Finsac selling controlling stake in Ciboney Group
Finsac is seeking buyers for its 72 per cent stake in Ciboney Group, totalling more than 393 million shares, having written off most of the company's debt, and eliminated some of its deficits, using proceeds from the sale of its sole landholding.
Finsac has invited proposals from buyers of the shares by April 30, and Errol Campbell, general manager of the Financial Sector Adjustment Company Limited, or Finsac, is already reporting expressions of interest.
"The proposed sale of Finsac's 72 per cent shareholding is with a view to return the company to private ownership, so a business venture may be pursued and create employment and value for its new owners and minority shareholders," said Campbell on Monday.
Ciboney was one of the assets taken over by Finsac under the bailout programme mounted by the Jamaican government in the 1990s to rescue the financial sector. The hotel company remained listed throughout and is currently trading at 11 cents per share, which values Finsac's holding at $43 million.
Campbell declined to comment on the price at which Finsac aims to sell its shareholdings. The stock traded at a high of 42 cents year to date, or four times its current price.
Ciboney had been racking up losses for years as Finsac waited for the right offer for the company's last remaining asset a 16-acre swathe of land at Culloden in Westmoreland that it finally sold for $250 million last December to an unknown entity called Green Forest Limited.
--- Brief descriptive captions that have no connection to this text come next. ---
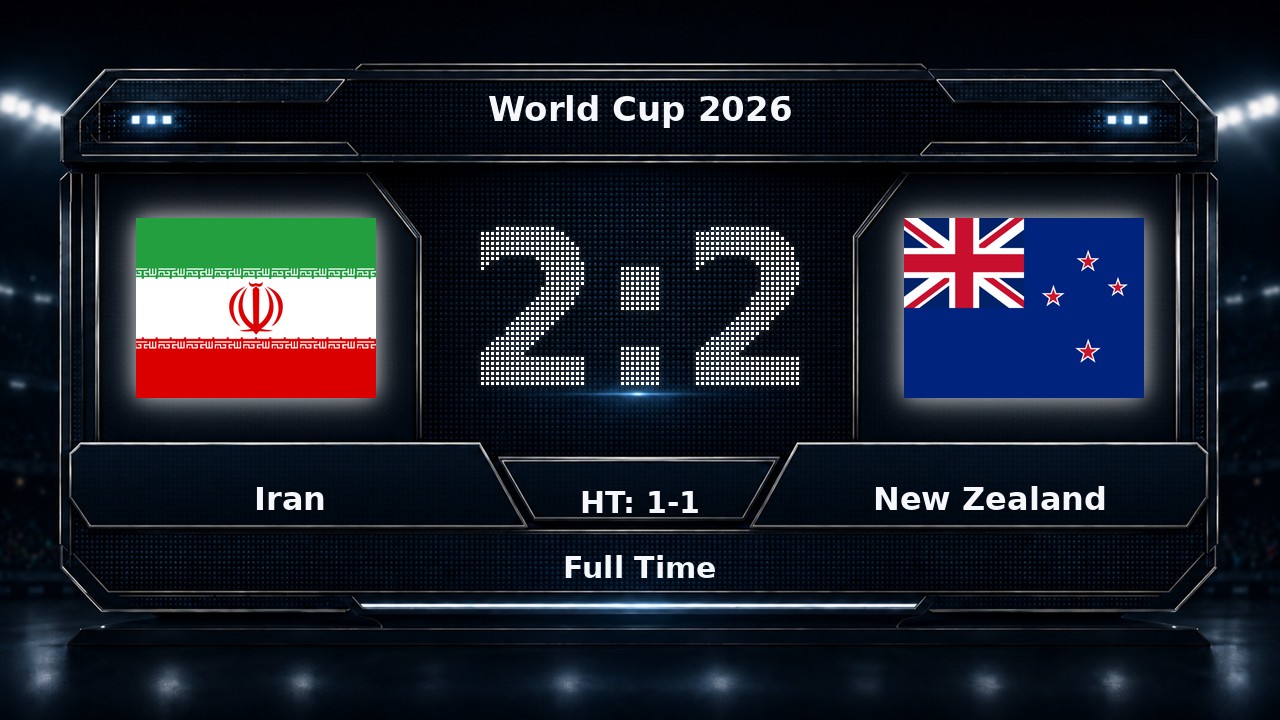 Iran 2-2 New Zealand: World Cup 2026 result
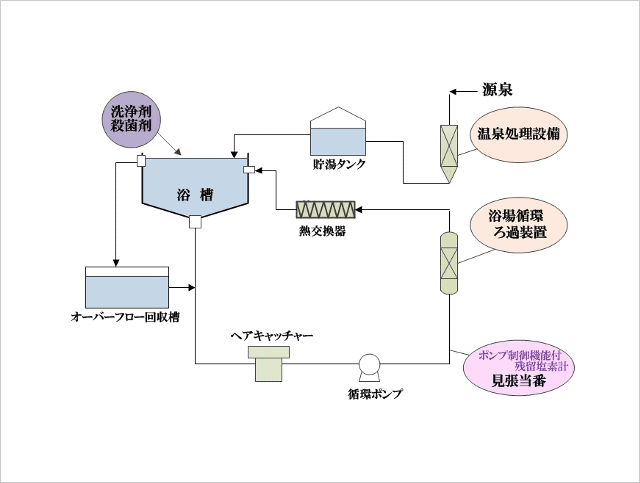 温泉・温浴水系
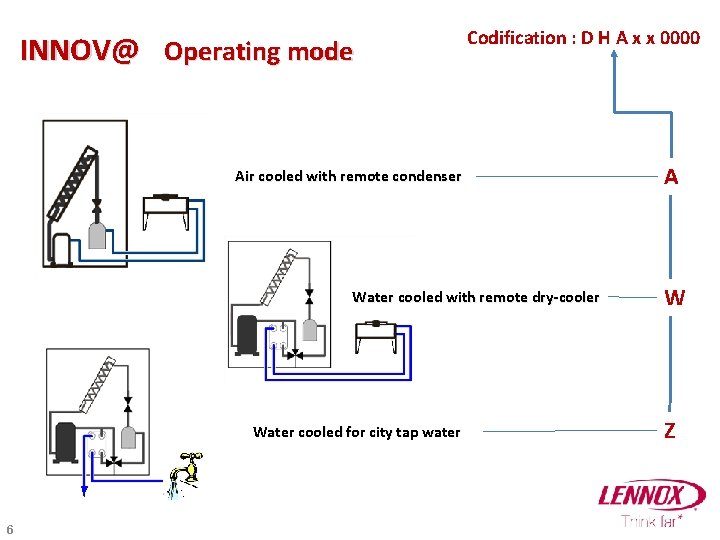INNOV@ Operating mode Codification : D H A x x 0000 Air cooled with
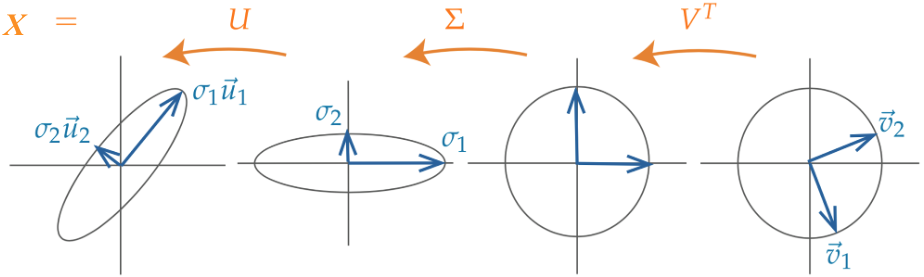 Visual represenation of SVD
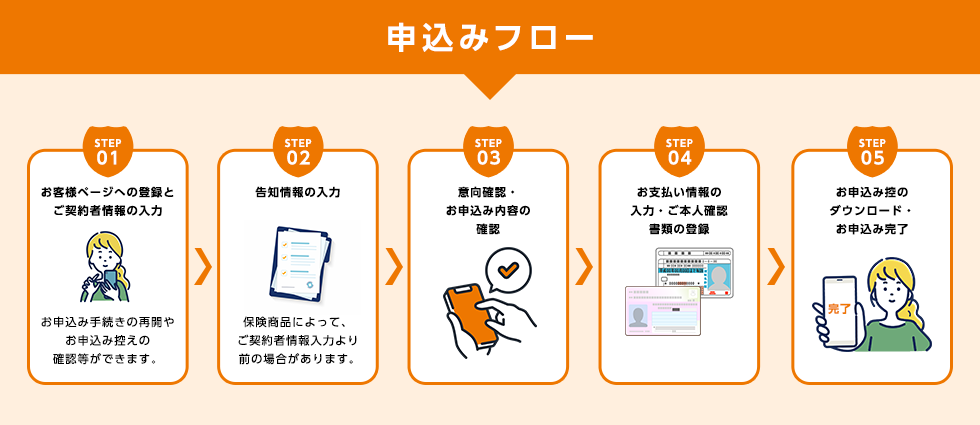 申込みフロー
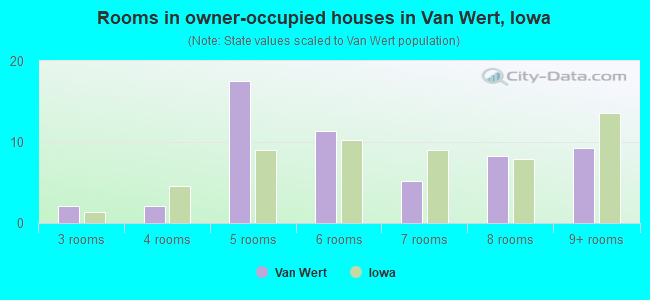 Rooms in owner-occupied houses in Van Wert, Iowa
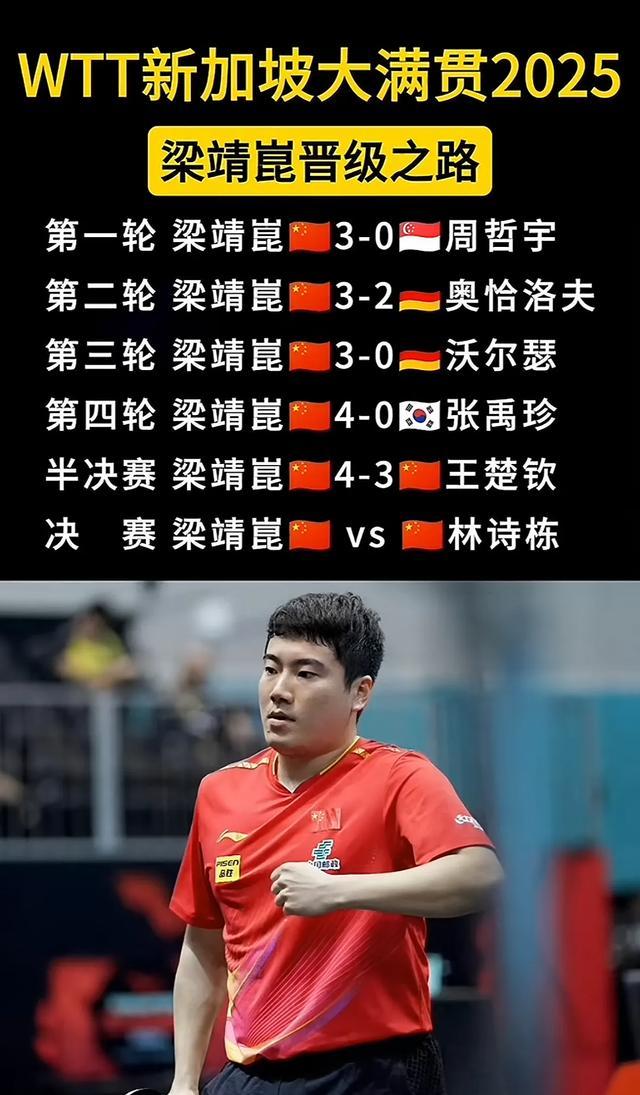 包含半场悬念:54-51,北京队略占优势,比赛火药味十足!的词条 包含半场悬念:54-51,北京队略占优势,比赛火药味十足!的词条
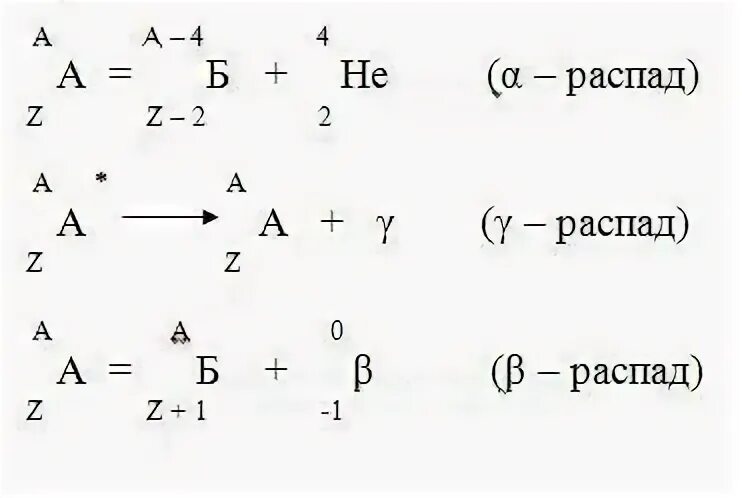 Гамма распад физика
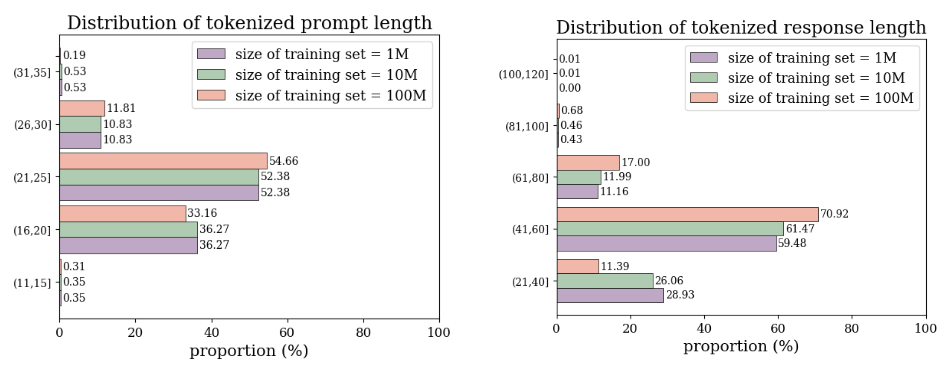 Figure 2: Distributions of the tokenized prompt and response lengths for different training set sizes (1M / 10M / 100M samples).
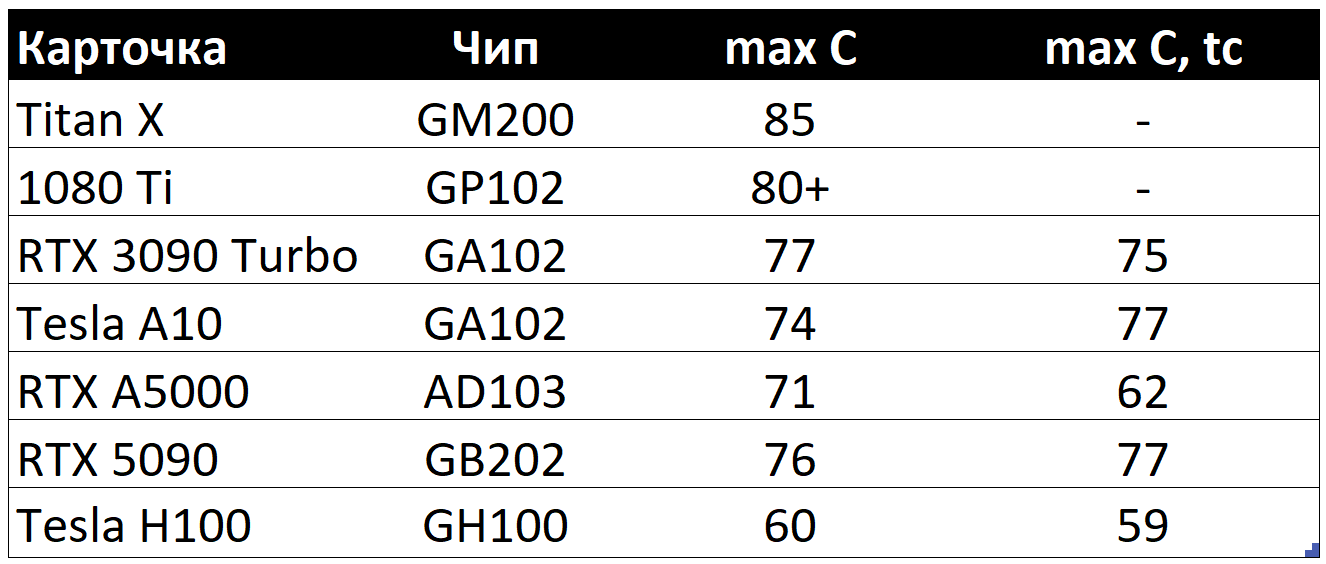 Температура карточки на "плато"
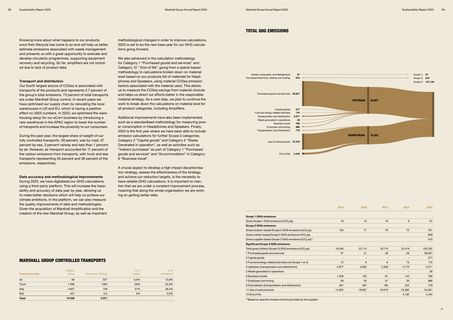 Emissions data extracted from page 47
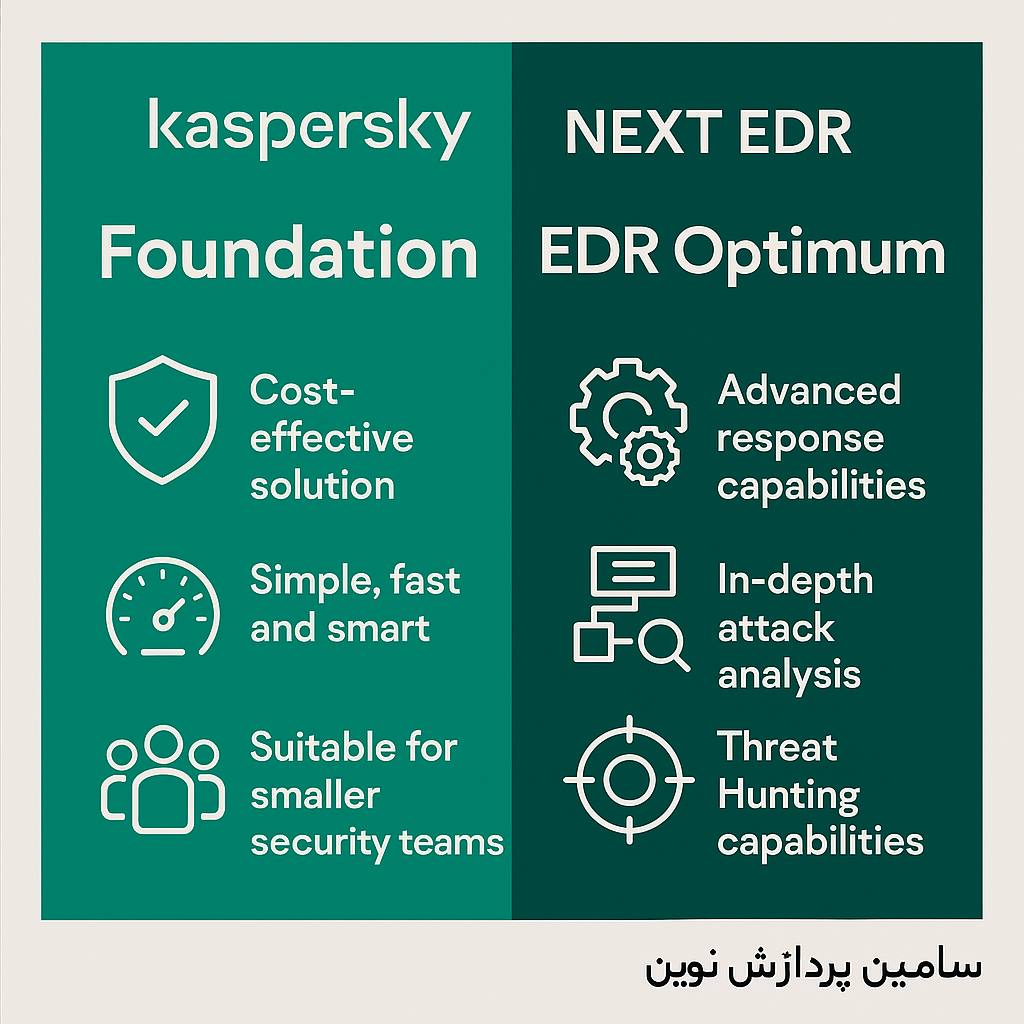 آنتی ویروس کسپرسکی Kaspersky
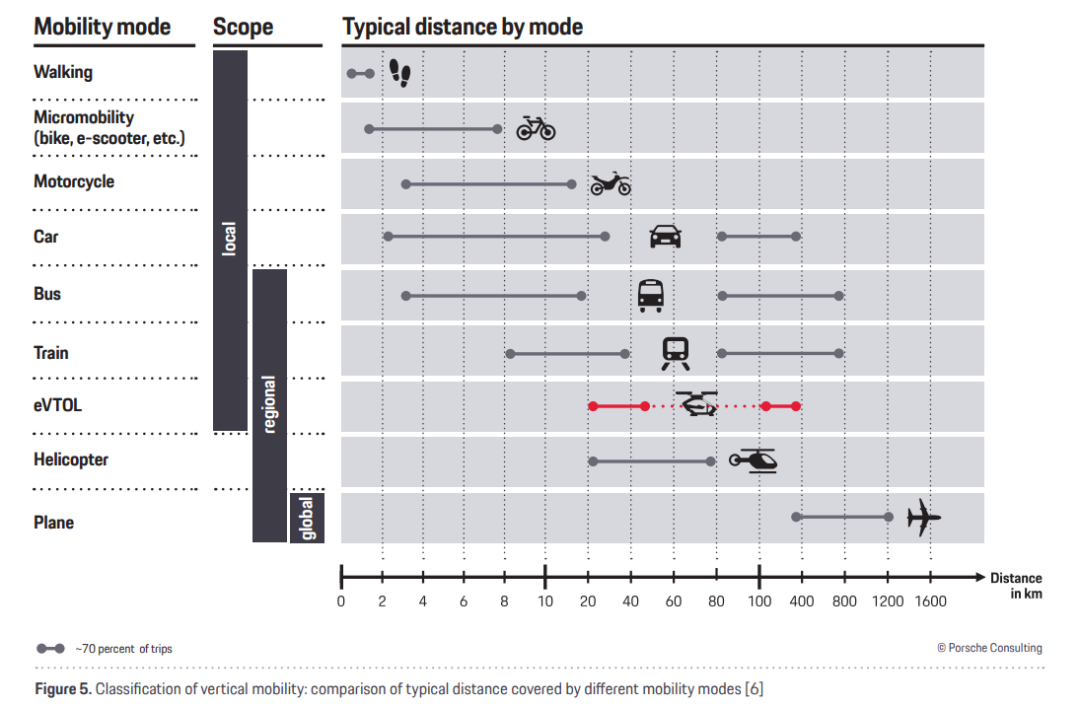 （资料来源：Porsche Consulting）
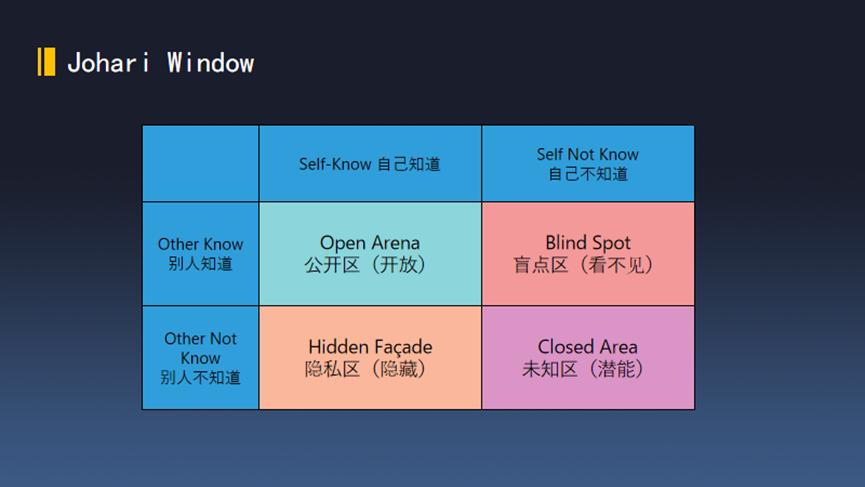 novellnetware_novell商标_novell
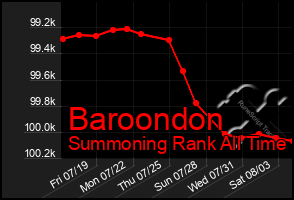 Total Graph of Baroondon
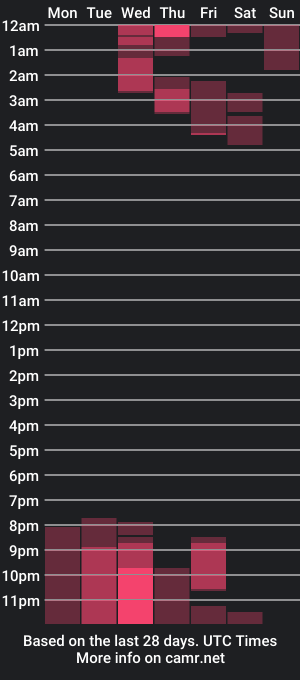 cam show schedule of ragnar_big1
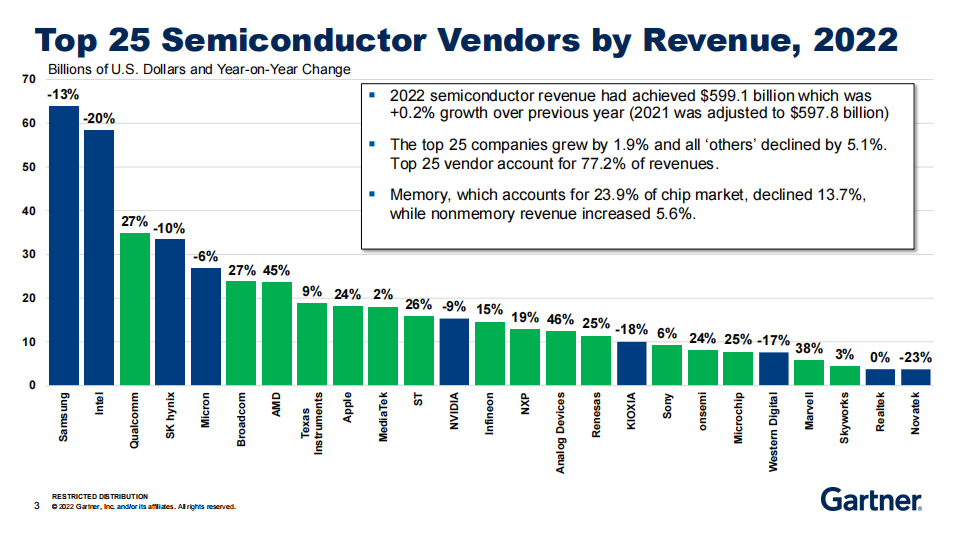 Gartner Chinese Mainland Companies Semiconductor Revenue Drops 0 5 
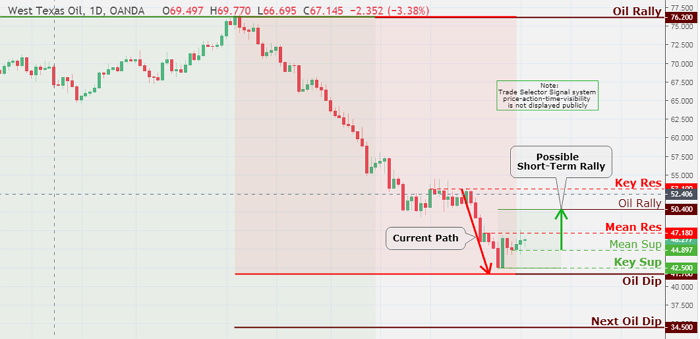 Key Sup $42.50 will be intermediate stop of the vicious decline we had so far: but, the latest increase might be mitigated to played/weaken Mean Res $47.18, and perhaps Oil Rally $50.40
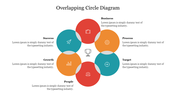 Best Overlapping Circle Diagram PowerPoint Presentation 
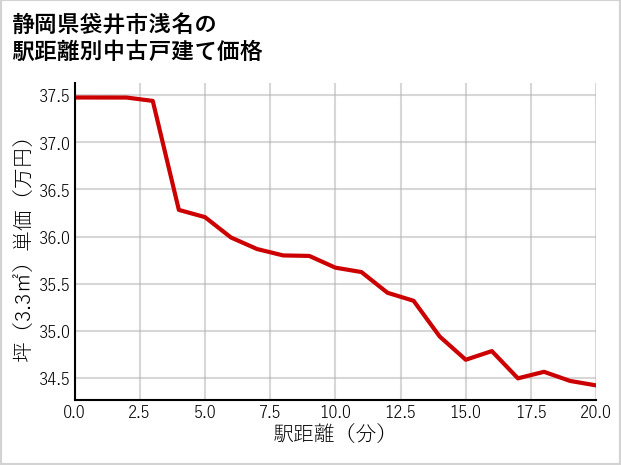 静岡県袋井市浅名の徒歩距離別の中古戸建て坪単価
Campbell again declined to provide additional information on Green Forest, but said the company was not interested in owning Ciboney.
Resulting from the land sale, Ciboney's deficits were reduced by more than one-half, while its capital base has turned around from a negative $47 million to a positive $205 million, according to its newly released third-quarter financial report for the period ending February 2018.
Subsequent to the quarter, on March 9, Ciboney distributed $185.64 million, or 34 cents per share, to shareholders from the land sale proceeds.
Asked the value of Ciboney in its present state to a new investor, the Finsac GM said it provides ready access to the market.
"Yes, Ciboney Group is a shell company but the buyer benefits from the fact that the company is listed on the JSE and so if it wishes it could raise funding for a business venture using this route. A purchaser would therefore not have to go through the trouble and expense of establishing a new company and getting it listed on the JSE," said Campbell, who is also chairman of Ciboney.
He adds that the sale of the shares is already generating interest.
"We are aware of some persons who are interested in purchasing the listed company on the JSE ... You will note that we advertised the shareholding and invited offers on April 30, at which point we will know precisely all who are interested in purchasing," he said.
Ciboney Group was formerly invested in hotel properties, which were sold off to repay debt, leaving the Culloden landholding as its single primary asset, that is, up to its December sale. Ciboney owed Finsac $99 million, $74.45 million of which has been forgiven by the bailout Finsac, while the balance has been settled from land sale proceeds, Campbell said. The eliminated debt was booked in the February quarter.